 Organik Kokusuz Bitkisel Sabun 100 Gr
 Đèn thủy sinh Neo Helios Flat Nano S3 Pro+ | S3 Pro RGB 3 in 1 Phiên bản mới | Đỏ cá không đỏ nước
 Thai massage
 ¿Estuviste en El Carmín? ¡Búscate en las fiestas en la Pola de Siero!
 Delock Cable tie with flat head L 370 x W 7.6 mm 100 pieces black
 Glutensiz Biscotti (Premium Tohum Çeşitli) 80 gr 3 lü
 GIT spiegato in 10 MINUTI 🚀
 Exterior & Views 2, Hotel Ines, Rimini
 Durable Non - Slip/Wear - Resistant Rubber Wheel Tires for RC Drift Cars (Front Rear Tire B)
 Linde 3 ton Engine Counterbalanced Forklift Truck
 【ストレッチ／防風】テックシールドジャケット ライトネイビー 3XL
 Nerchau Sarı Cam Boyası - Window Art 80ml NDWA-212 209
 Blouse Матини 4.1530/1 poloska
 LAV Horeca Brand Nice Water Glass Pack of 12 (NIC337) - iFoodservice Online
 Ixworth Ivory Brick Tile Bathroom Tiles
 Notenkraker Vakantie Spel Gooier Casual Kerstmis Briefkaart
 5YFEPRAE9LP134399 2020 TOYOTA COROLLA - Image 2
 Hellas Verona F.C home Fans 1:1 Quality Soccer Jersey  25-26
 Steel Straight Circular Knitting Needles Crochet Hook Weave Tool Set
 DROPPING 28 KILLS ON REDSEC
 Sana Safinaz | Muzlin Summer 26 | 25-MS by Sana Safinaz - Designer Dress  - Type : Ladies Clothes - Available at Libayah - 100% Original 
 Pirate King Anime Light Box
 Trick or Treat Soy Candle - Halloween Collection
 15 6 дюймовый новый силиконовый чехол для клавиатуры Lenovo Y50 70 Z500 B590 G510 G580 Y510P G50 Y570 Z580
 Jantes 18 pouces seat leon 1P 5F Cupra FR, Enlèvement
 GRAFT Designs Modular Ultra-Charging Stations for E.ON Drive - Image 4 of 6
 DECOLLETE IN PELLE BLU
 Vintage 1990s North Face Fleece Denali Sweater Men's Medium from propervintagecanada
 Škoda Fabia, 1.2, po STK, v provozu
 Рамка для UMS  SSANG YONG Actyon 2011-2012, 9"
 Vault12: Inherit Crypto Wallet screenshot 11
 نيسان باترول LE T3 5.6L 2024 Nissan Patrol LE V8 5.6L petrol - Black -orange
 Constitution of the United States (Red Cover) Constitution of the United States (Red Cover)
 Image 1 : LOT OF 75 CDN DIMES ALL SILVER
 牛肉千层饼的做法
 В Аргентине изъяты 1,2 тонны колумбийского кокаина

Exercise brief: In the data above, find the line that contains "Delock Cable tie" and the line that contains "DROPPING 28 KILLS ON REDSEC". Repeat exactly those lines and every line between them, and only those.

Output below:
 Delock Cable tie with flat head L 370 x W 7.6 mm 100 pieces black
 Glutensiz Biscotti (Premium Tohum Çeşitli) 80 gr 3 lü
 GIT spiegato in 10 MINUTI 🚀
 Exterior & Views 2, Hotel Ines, Rimini
 Durable Non - Slip/Wear - Resistant Rubber Wheel Tires for RC Drift Cars (Front Rear Tire B)
 Linde 3 ton Engine Counterbalanced Forklift Truck
 【ストレッチ／防風】テックシールドジャケット ライトネイビー 3XL
 Nerchau Sarı Cam Boyası - Window Art 80ml NDWA-212 209
 Blouse Матини 4.1530/1 poloska
 LAV Horeca Brand Nice Water Glass Pack of 12 (NIC337) - iFoodservice Online
 Ixworth Ivory Brick Tile Bathroom Tiles
 Notenkraker Vakantie Spel Gooier Casual Kerstmis Briefkaart
 5YFEPRAE9LP134399 2020 TOYOTA COROLLA - Image 2
 Hellas Verona F.C home Fans 1:1 Quality Soccer Jersey  25-26
 Steel Straight Circular Knitting Needles Crochet Hook Weave Tool Set
 DROPPING 28 KILLS ON REDSEC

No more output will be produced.